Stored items

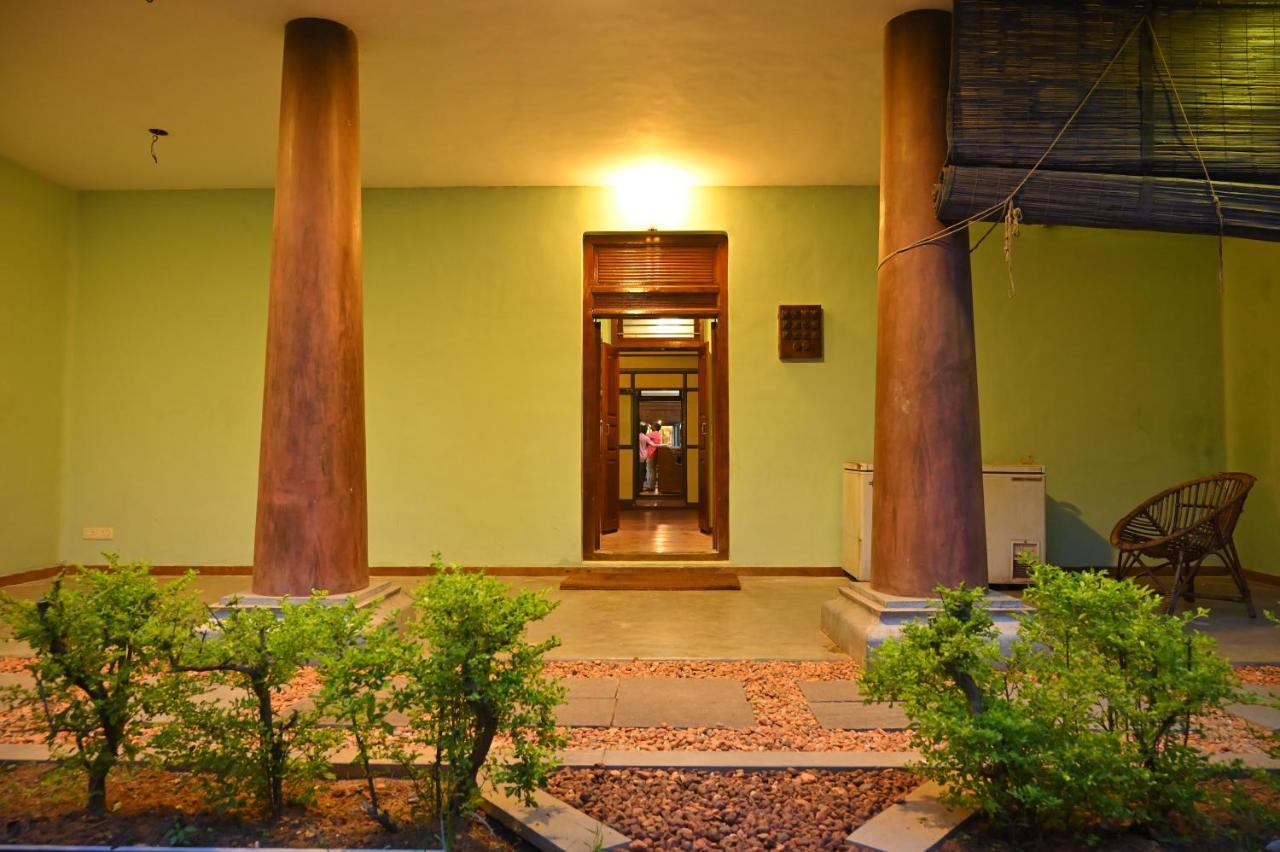 Les Boganveillea Heritage Guest House 黎明之村 外观 照片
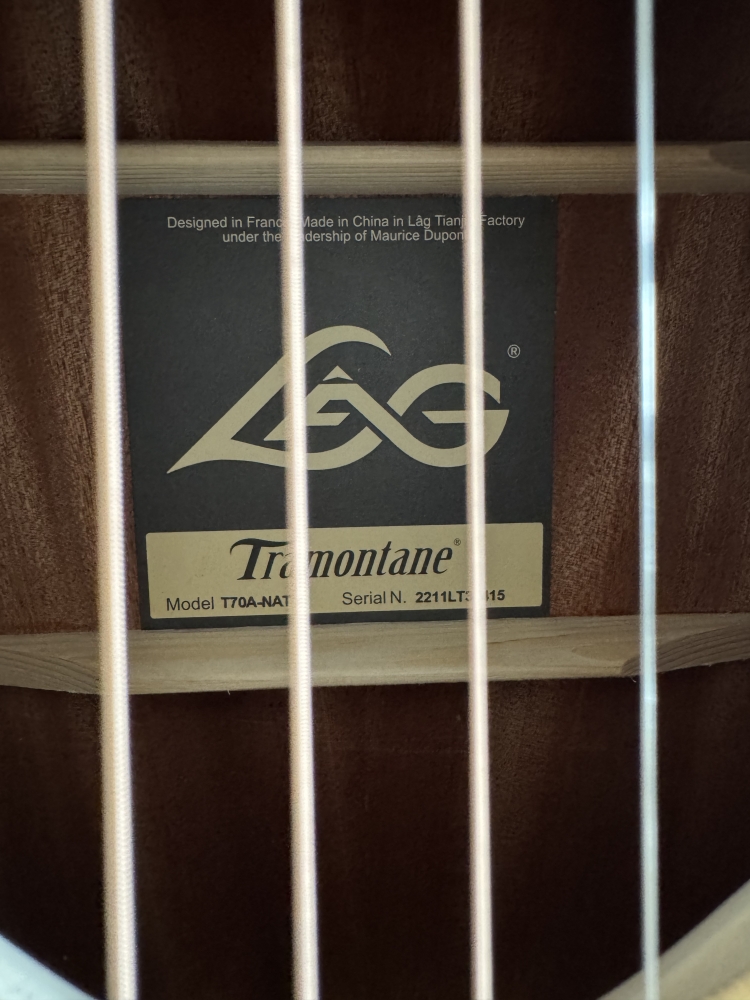 Guitare acoustique Tramontane T-70A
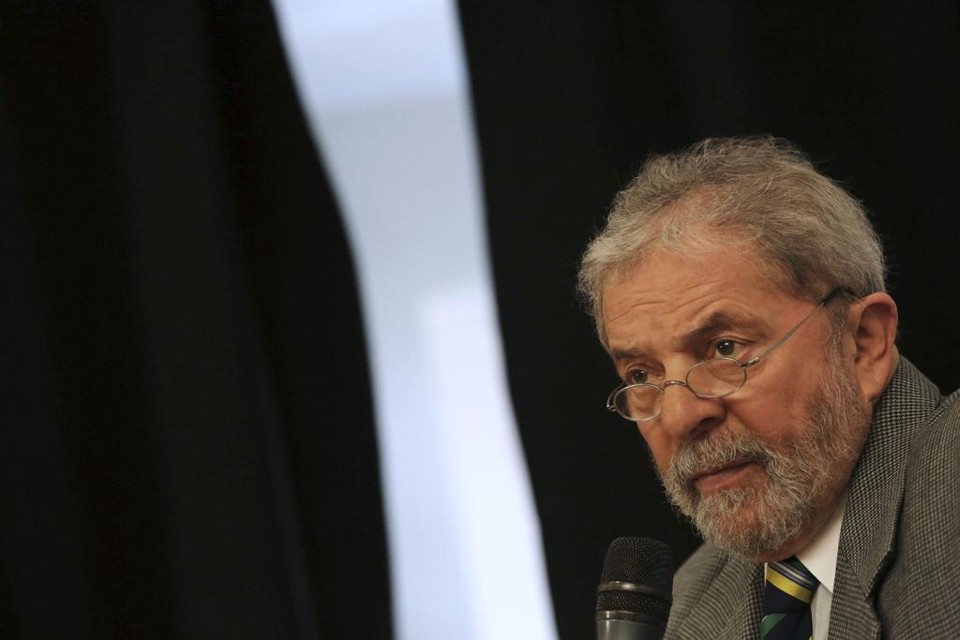 Aprovação em queda: avaliação de Lula como melhor presidente da história do Brasil , segundo pesquisa Datafolha,caiu de 71% em 2010 para 39% em 2015. | Nacho Doce/Reuters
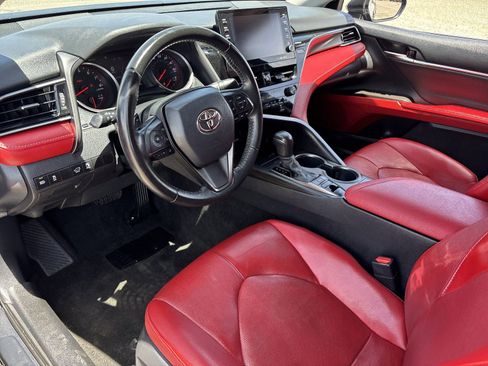 Used 2022 Toyota Camry XSE FWD image 19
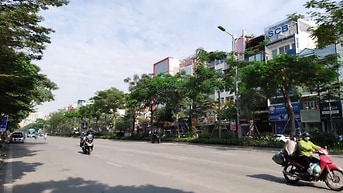 Cho thuê nhà nguyên căn mặt phố Giảng Võ, Ba Đình, Hà Nội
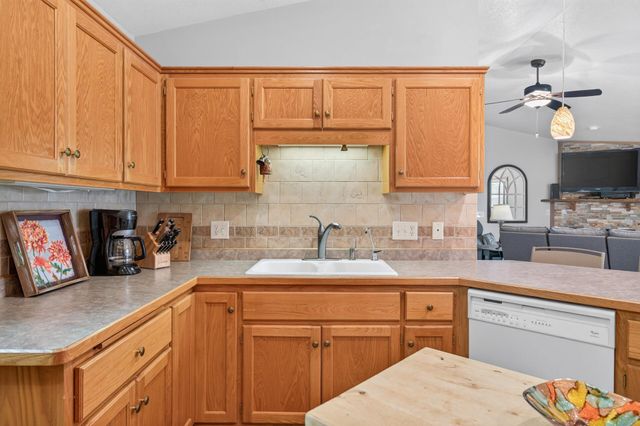 5026 Grenadier Avenue N, Oakdale, MN 55128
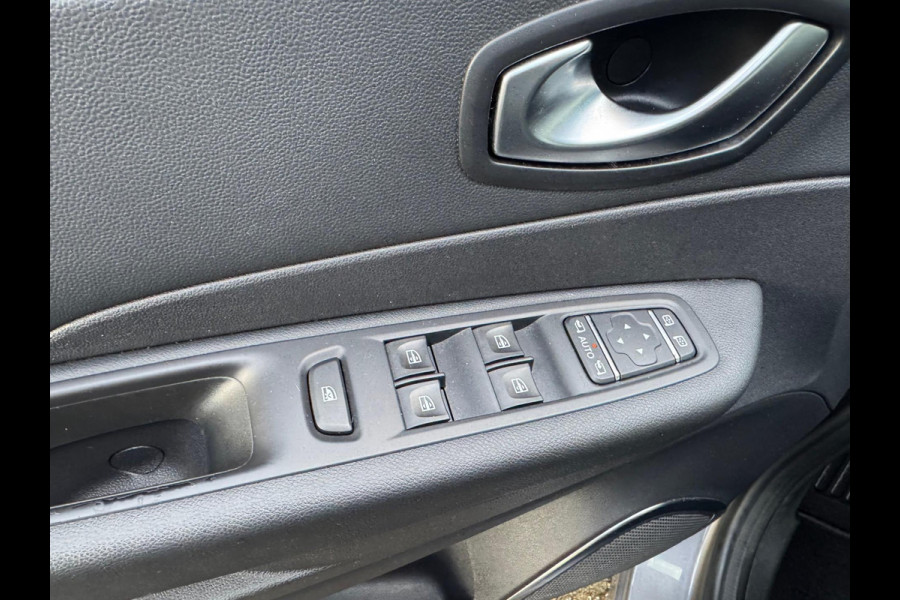 Renault Captur TCe 90 Intens Navi / P-sensoren & camera / Clima / LM velgen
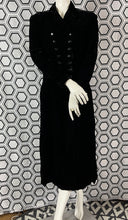 Charger l'image dans la galerie, Manteau en velours Armand Ventilo taille 40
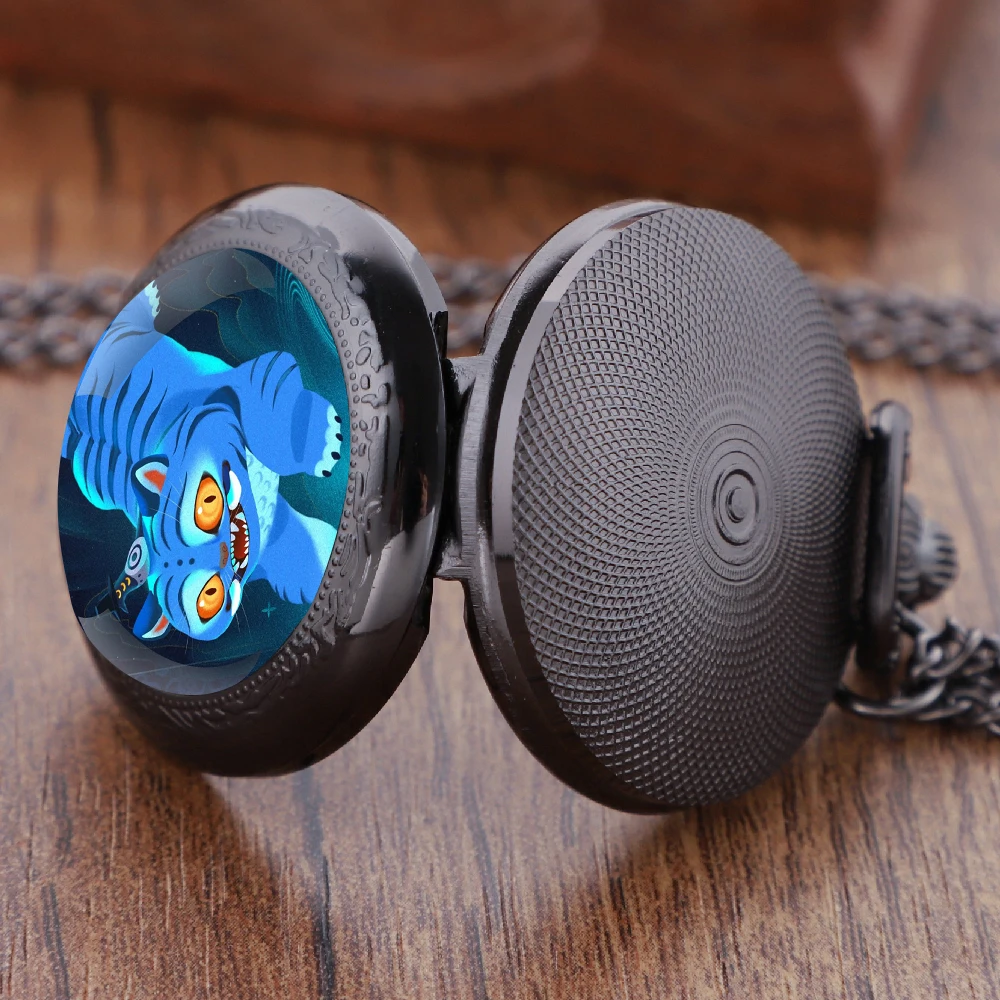 K-Pop Demon Hunters - Derpy & Sussie Artisan Cinema-Style Glass-Dome Quartz Pocket-Watch قلادة قلادة هدية للجنسين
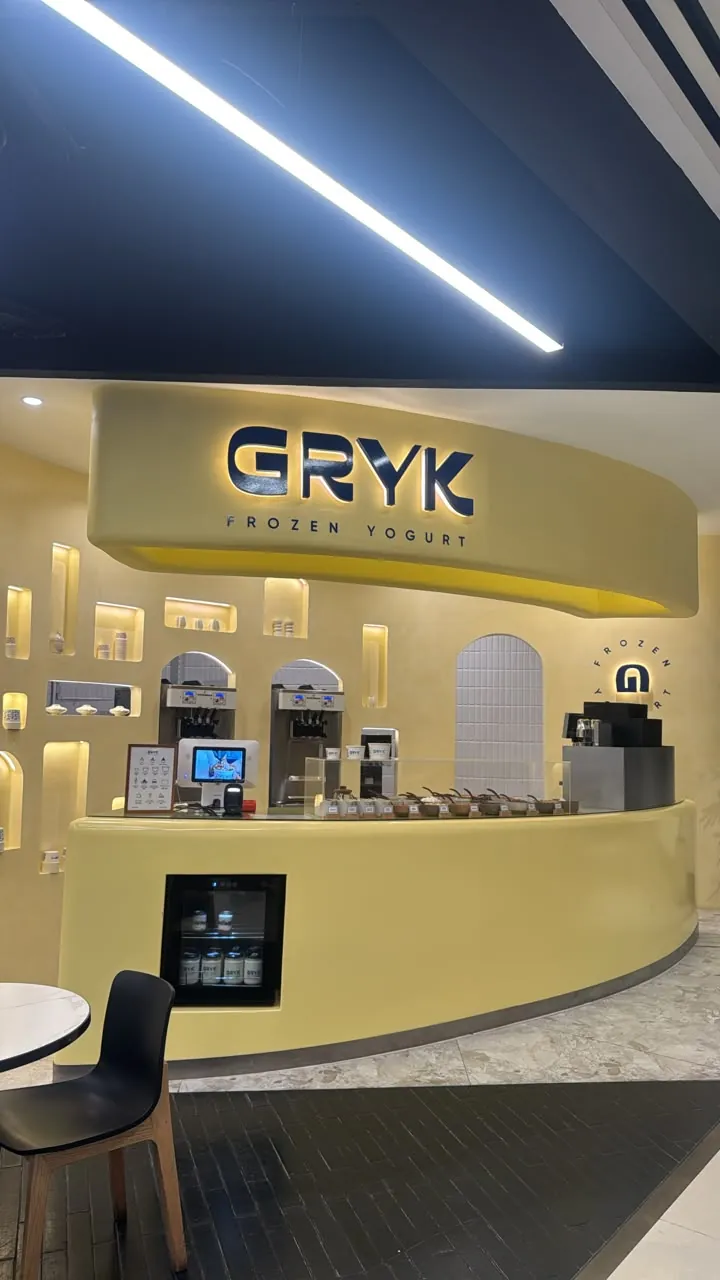 Mostrador curvo de GRYK en Punta Carretas Shopping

- Assignment -
Quote verbatim every line starting at the line that contains "Aprovação em queda: avaliação" and ending with the last line of the records; omit all pictures.

- Problem solution -
 Aprovação em queda: avaliação de Lula como melhor presidente da história do Brasil , segundo pesquisa Datafolha,caiu de 71% em 2010 para 39% em 2015. | Nacho Doce/Reuters
 Used 2022 Toyota Camry XSE FWD image 19
 Cho thuê nhà nguyên căn mặt phố Giảng Võ, Ba Đình, Hà Nội
 5026 Grenadier Avenue N, Oakdale, MN 55128
 Renault Captur TCe 90 Intens Navi / P-sensoren & camera / Clima / LM velgen
 Charger l'image dans la galerie, Manteau en velours Armand Ventilo taille 40
 K-Pop Demon Hunters - Derpy & Sussie Artisan Cinema-Style Glass-Dome Quartz Pocket-Watch قلادة قلادة هدية للجنسين
 Mostrador curvo de GRYK en Punta Carretas Shopping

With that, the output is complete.